Within the listing below, the lines to output run from the one containing "POA-LMP25 projector lamp" through the one containing "Green Bay Comprehensive Treatment Center"; copy them exactly and nothing else.

▸ **Supplied material**:
^^^^
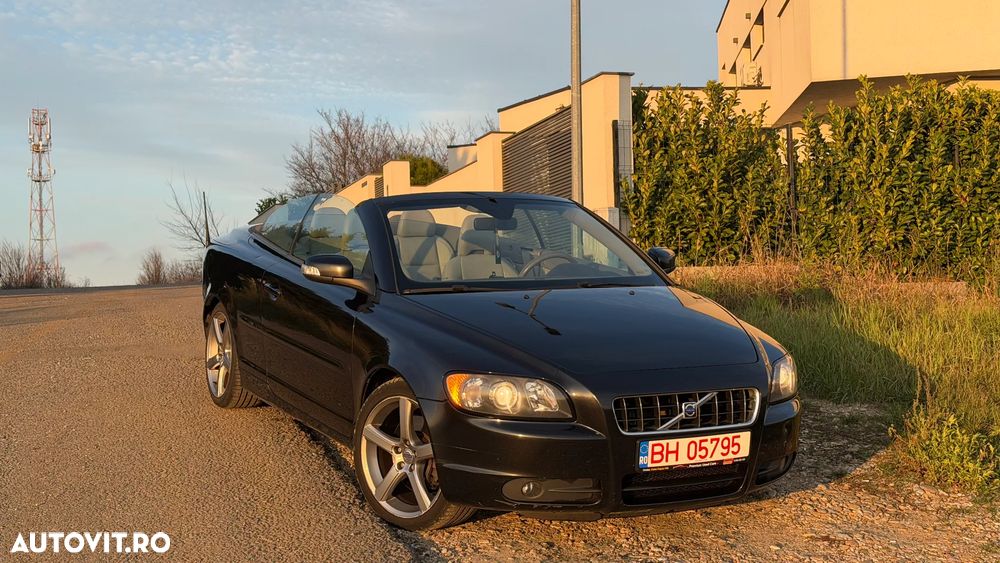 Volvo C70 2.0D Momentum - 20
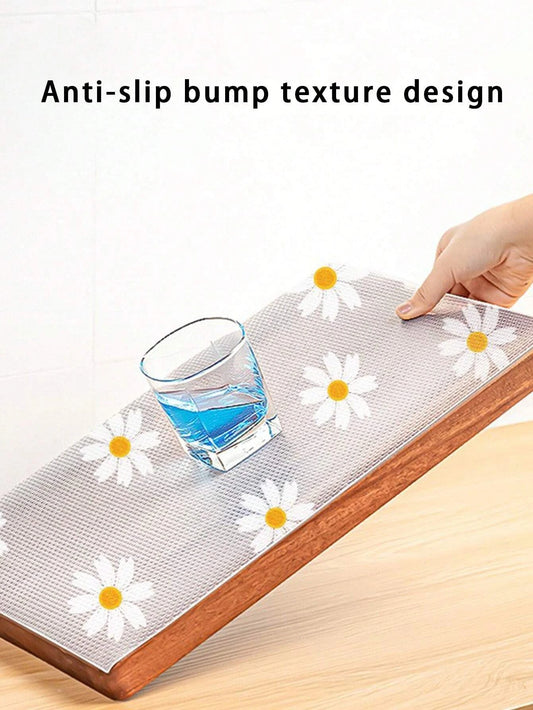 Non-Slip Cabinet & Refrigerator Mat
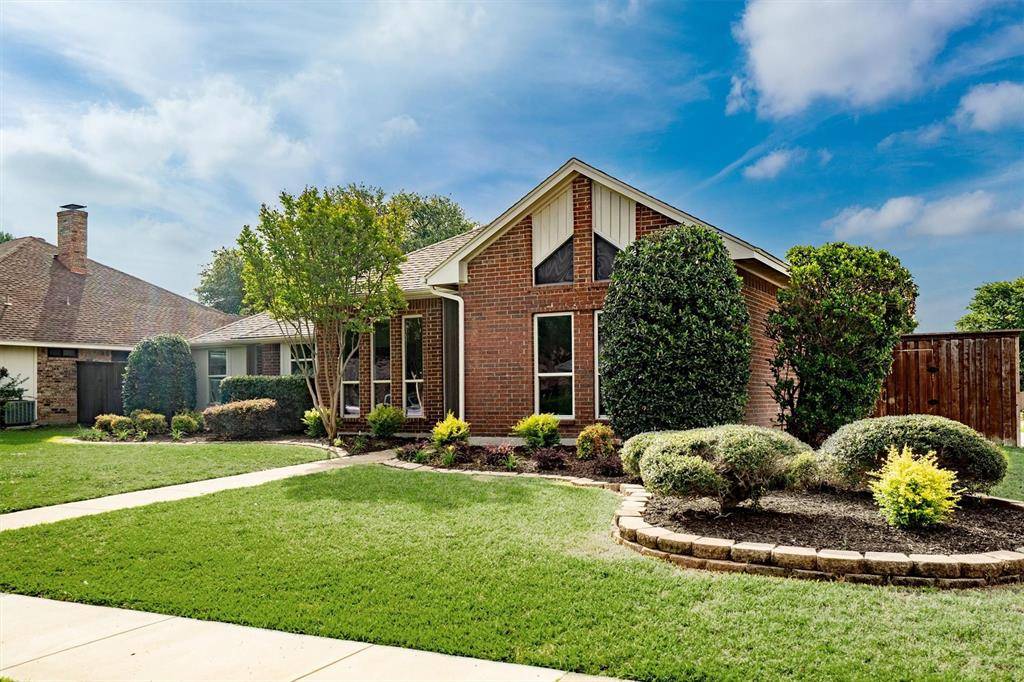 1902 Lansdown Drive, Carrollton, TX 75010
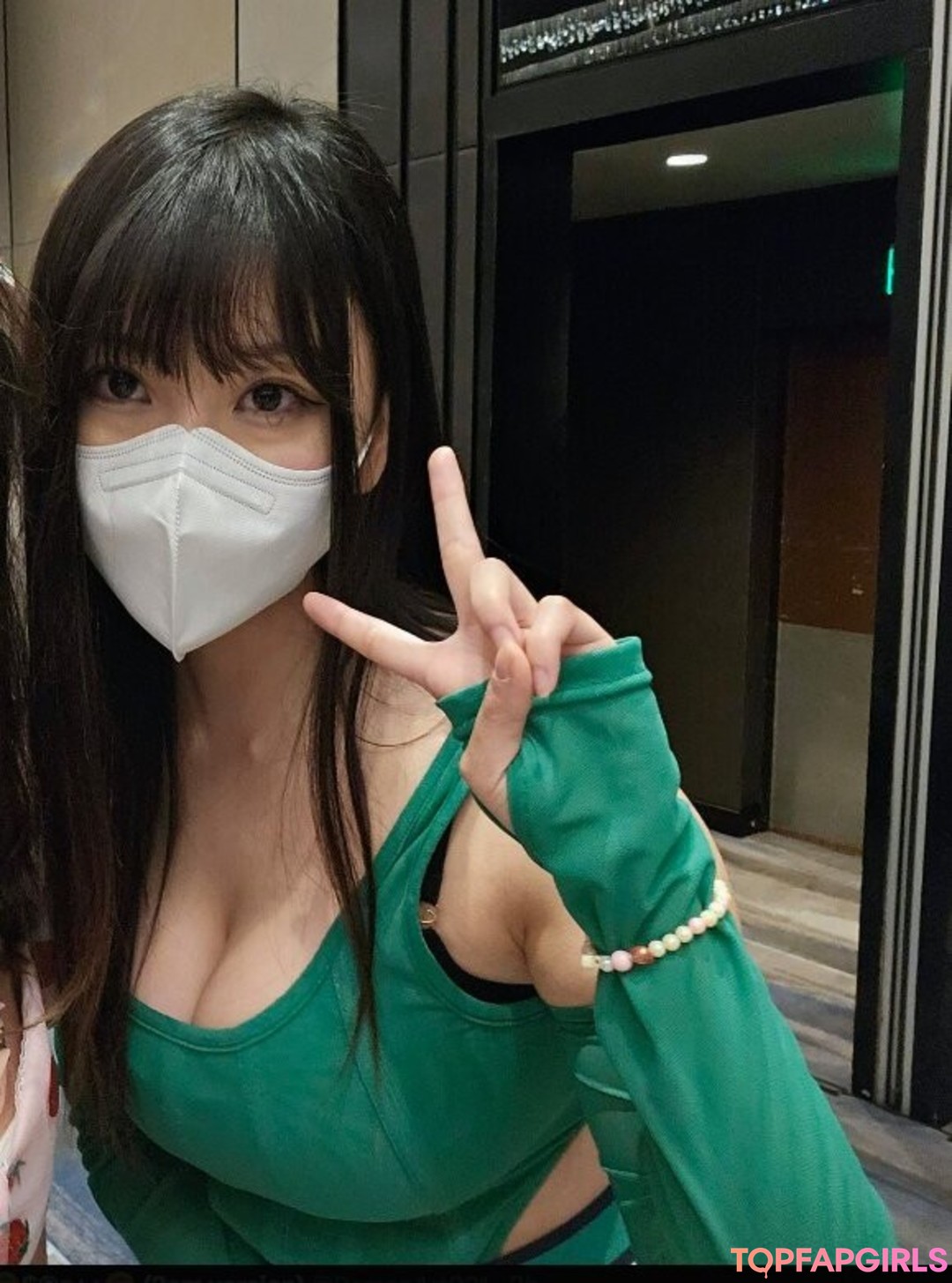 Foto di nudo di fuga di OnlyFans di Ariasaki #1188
^^^^
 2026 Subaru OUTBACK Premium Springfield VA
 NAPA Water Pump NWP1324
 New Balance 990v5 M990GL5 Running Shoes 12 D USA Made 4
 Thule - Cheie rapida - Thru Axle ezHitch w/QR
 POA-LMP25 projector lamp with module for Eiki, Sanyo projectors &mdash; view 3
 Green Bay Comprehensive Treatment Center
^^^^
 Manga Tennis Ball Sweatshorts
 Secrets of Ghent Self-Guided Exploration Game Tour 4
^^^^
▸ **Exercise response**:
 POA-LMP25 projector lamp with module for Eiki, Sanyo projectors &mdash; view 3
 Green Bay Comprehensive Treatment Center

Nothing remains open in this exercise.